The anguished question was directed toward a six-composer panel at the Cabrillo Festival here last week, and it stated a problem composers have faced for decades.
There's a continual distrust of new music. It's a joke, or it's too abstruse, or ugly. "My kid could make noises like that."
All six composers at the panel agreed that they didn't set out to compose music that audiences wouldn't want to hear. But it took 83-year-old Virgil Thomson to dissect the question with his scalpel-like intellect.
"The trouble is, 'audience' is a collective noun. You have to be very careful when you throw that word around. Audiences respond as a group. (That's why record reviewing is spiteful; because it's solitary.)"
At this point Garret List, a young trombonist-composer straddling new music and jazz, interrupted Thomson: "Who do you write for?" Thomson continued to elaborate his point:
"An 'audience' figures as sociology and economics, not esthetics."
Garret List wasn't listening. "Who do you write for, Virgil? Virgil?" He snapped his fingers to get Thomson's attention.
"No one knows what an audience is going to like," Thomson continued. "Or what a management can sell to an audience. And audiences are bullied. And we can only know what an 'audience' liked last year.
"There are fashions, trends--in orchestral tricks, or whatever--that follow unconscious folklore patterns. They are very hard to predict.'
He never let on that he'd heard List, but suddenly answered him.
"Gertrude (Stein) used to say, 'I write for myself and strangers."' List nodded agreement. So did the others.
"I am the listener I puzzle over when I'm composing," Eric Stokes said.
"Exactly," said Thomson. "And any passage that bores you a tiny little bit will bore others more. You can bet on it."
Which brought up another question: did these composers aim at complex or simple music?
"Simplicity," Lou Harrison said. "I always remember something Schoenberg told me when I studied with him: 'Nothing but the essentials."'
"Depends on the music," Thomson elaborated. "If I aim consciously it's toward simplicity where possible; but if complexity is necessary, not to fear it. I tend to think music isn't finished if you can subtract anything without injury. Music is a complex affair; the more we can simplify it, maybe, the better."
Some one asked about foundation grants.
"I think we had a more independent attitude before," Harrison answered. "Post-Depression young people can't conceive of grubbing."
The young composers disagreed.

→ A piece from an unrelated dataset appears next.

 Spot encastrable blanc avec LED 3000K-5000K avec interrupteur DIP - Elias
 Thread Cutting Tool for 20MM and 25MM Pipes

Foundation grants are "a lottery," List said. "There's not enough money."
"There are more composers now," Stokes pointed out.
But they allowed that they made a living somehow. How do composers make a living, someone in the audience wanted to know.
"The answer to that question is that it's none of your business how we make a living," Thomson replied. "How we compose is another matter."
There was laughter, then silence. Then, in a rare burst of emotion, Thomson summed it all up. He pointed toward something overhead; the small silent gesture galvanized the audience and panel.
"Calling," he announced. "We're playing a game of life or death. We must find ways of answering the calling--or choose death."